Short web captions
BEGIN

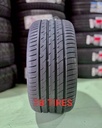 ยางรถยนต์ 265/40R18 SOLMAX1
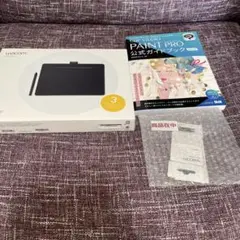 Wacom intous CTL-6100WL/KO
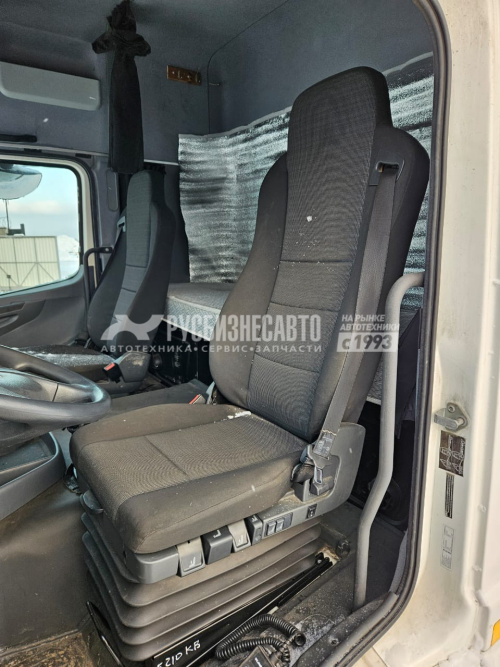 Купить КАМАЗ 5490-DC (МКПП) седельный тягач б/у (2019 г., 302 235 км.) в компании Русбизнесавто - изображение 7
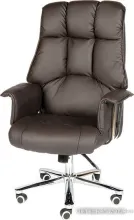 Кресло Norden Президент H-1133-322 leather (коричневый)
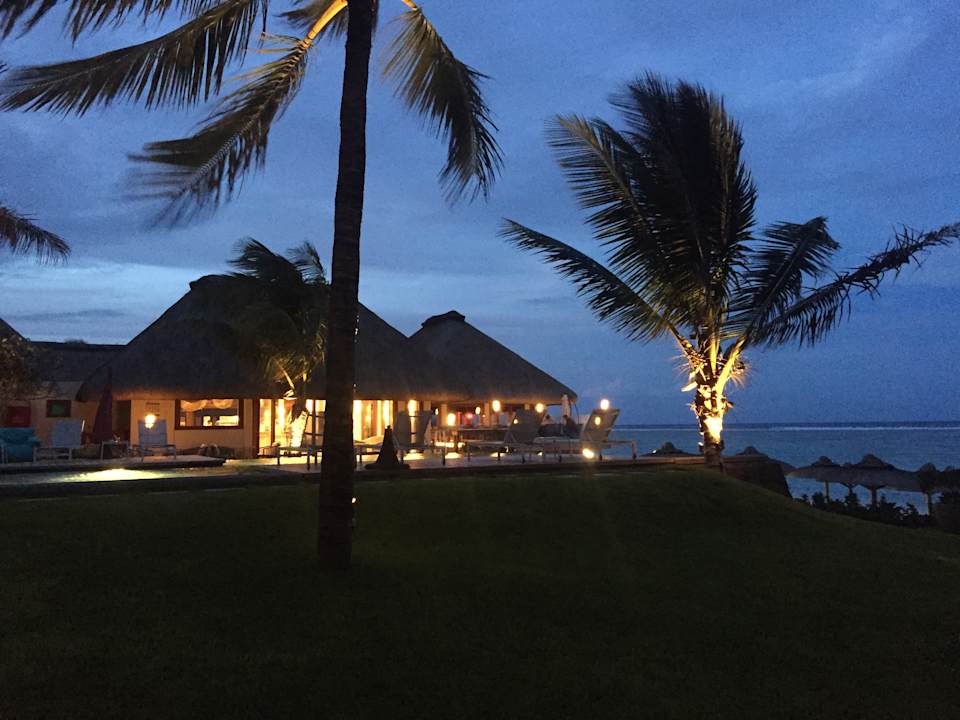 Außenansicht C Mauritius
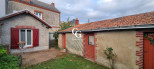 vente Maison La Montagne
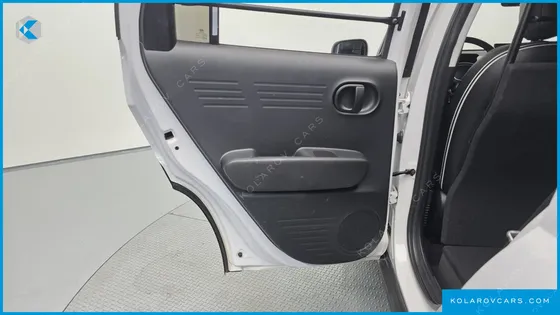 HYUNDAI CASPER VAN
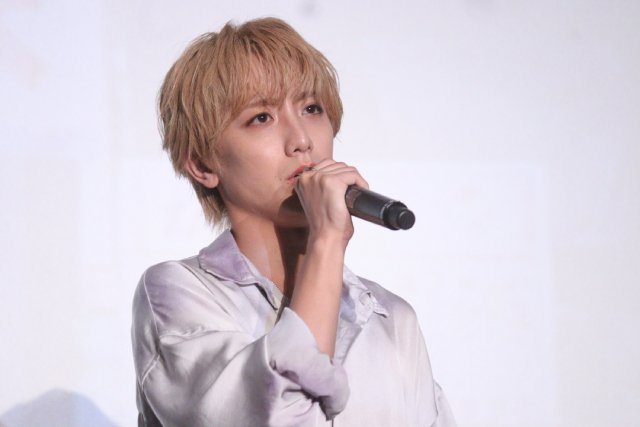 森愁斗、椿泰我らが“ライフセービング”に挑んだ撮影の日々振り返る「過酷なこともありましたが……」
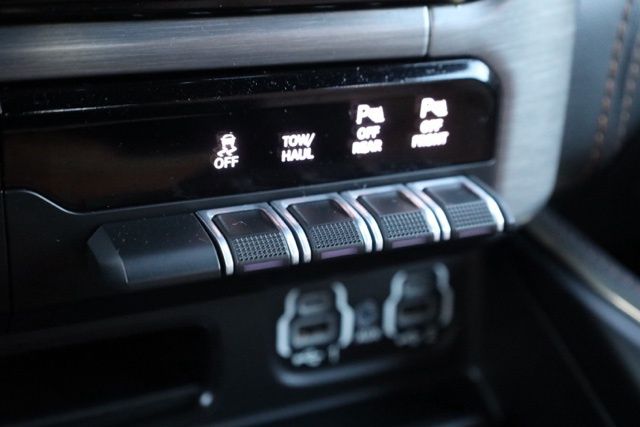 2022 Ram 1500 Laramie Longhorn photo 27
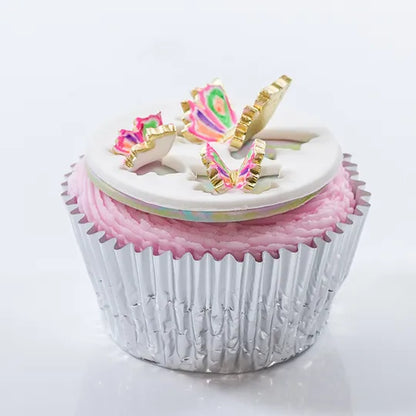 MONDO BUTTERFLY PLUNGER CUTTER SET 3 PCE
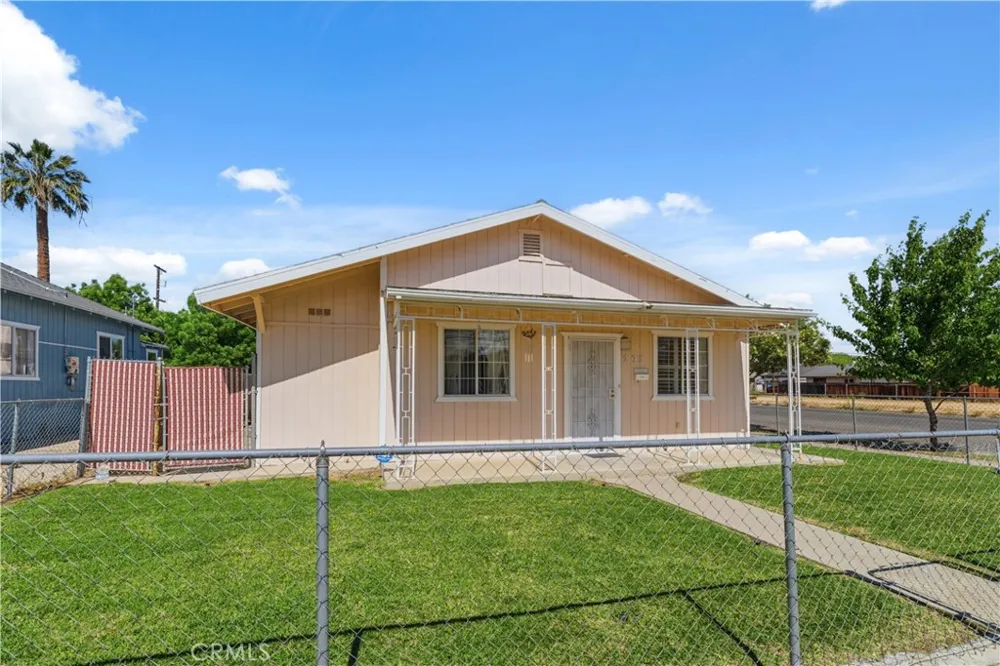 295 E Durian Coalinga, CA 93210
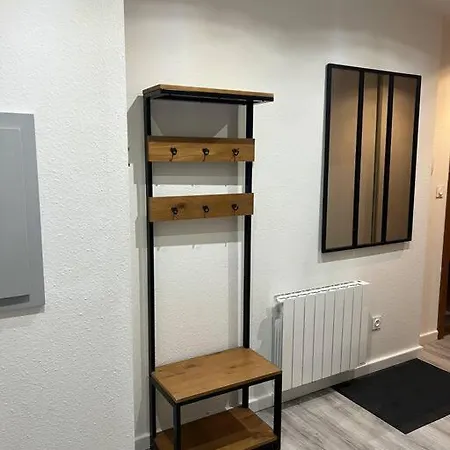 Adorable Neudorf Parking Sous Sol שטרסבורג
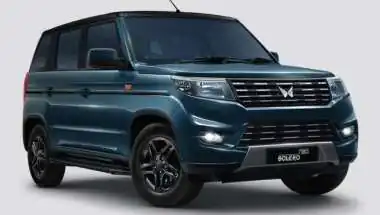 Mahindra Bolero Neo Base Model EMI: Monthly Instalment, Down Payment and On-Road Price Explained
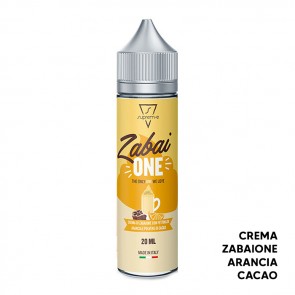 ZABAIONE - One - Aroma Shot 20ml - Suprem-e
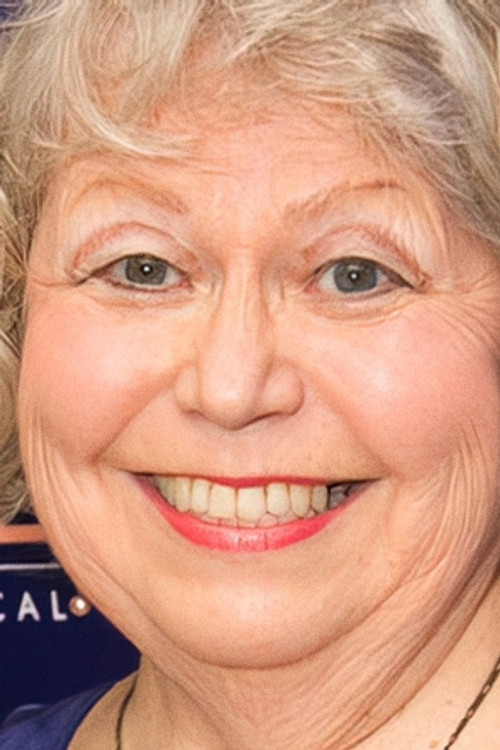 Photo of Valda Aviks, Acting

END

Skip the pictures and retype exactly the lines from the one that contains "MONDO BUTTERFLY PLUNGER CUTTER SET 3 PCE" to the last line of the records.

▶ RESPONSE TO THIS EXERCISE
 MONDO BUTTERFLY PLUNGER CUTTER SET 3 PCE
 295 E Durian Coalinga, CA 93210
 Adorable Neudorf Parking Sous Sol שטרסבורג
 Mahindra Bolero Neo Base Model EMI: Monthly Instalment, Down Payment and On-Road Price Explained
 ZABAIONE - One - Aroma Shot 20ml - Suprem-e
 Photo of Valda Aviks, Acting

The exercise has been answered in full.